→ **INSTRUCTIONS FOR THE TASK**: Leaving out the pictures, retype exactly the lines from the one holding "Trilho dos Moinhos do Ave" through the end of the material.

### DATA ###

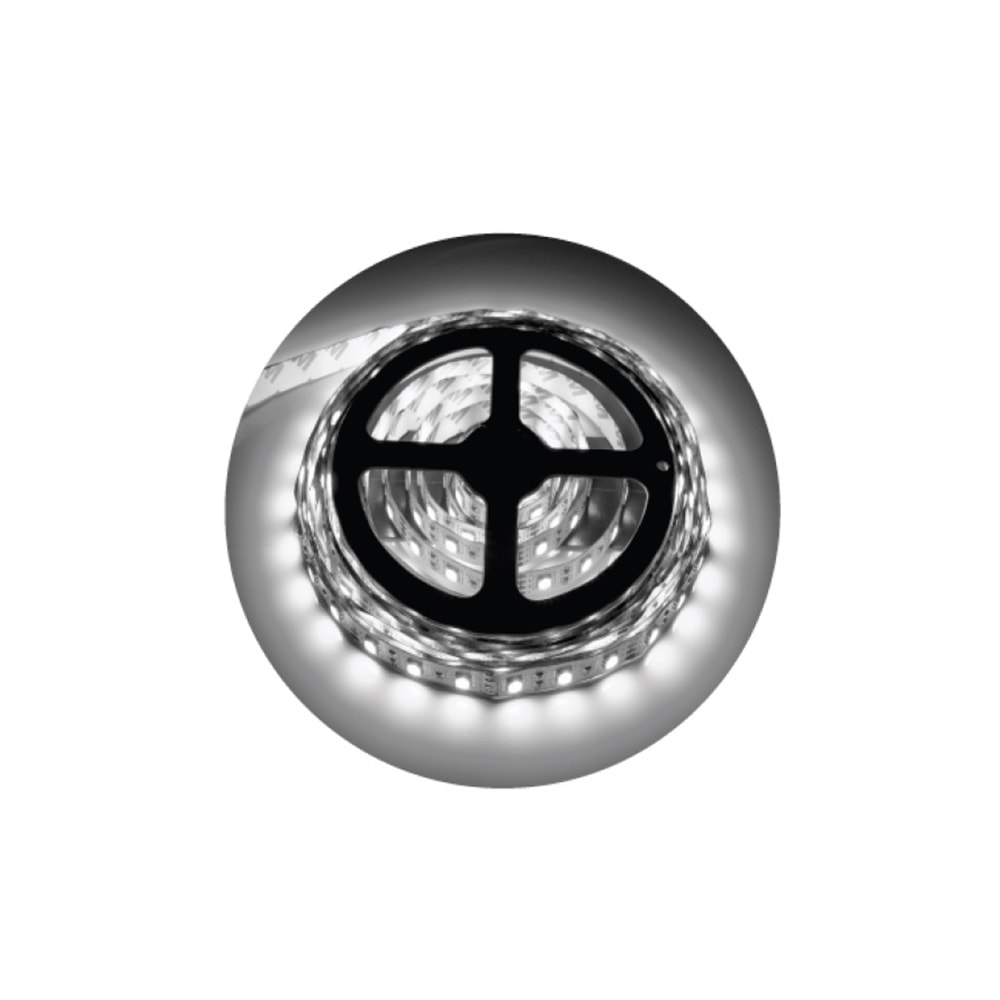 12V 4040 60 LED ŞERİT 4000K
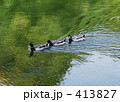 鴨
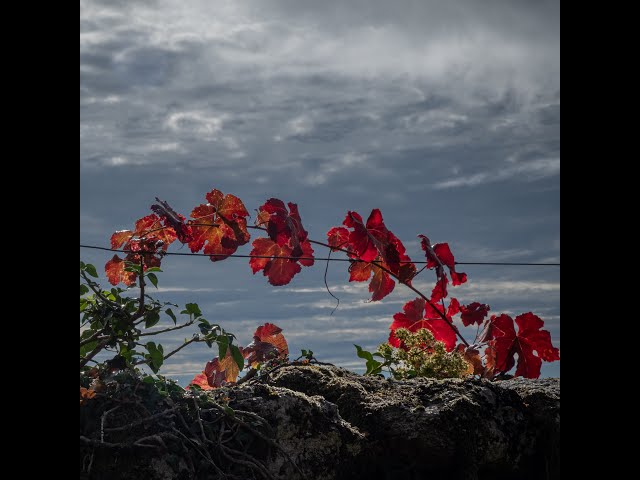 Trilho dos Moinhos do Ave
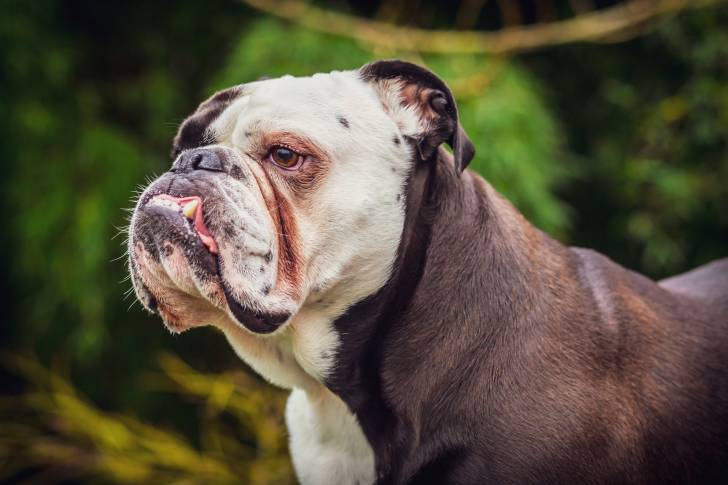 Un Olde English Bulldogge âgé au pelage blanc et brun montrant ses dents du bas.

###

→ **ANSWER SPACE**:
 Trilho dos Moinhos do Ave
 Un Olde English Bulldogge âgé au pelage blanc et brun montrant ses dents du bas.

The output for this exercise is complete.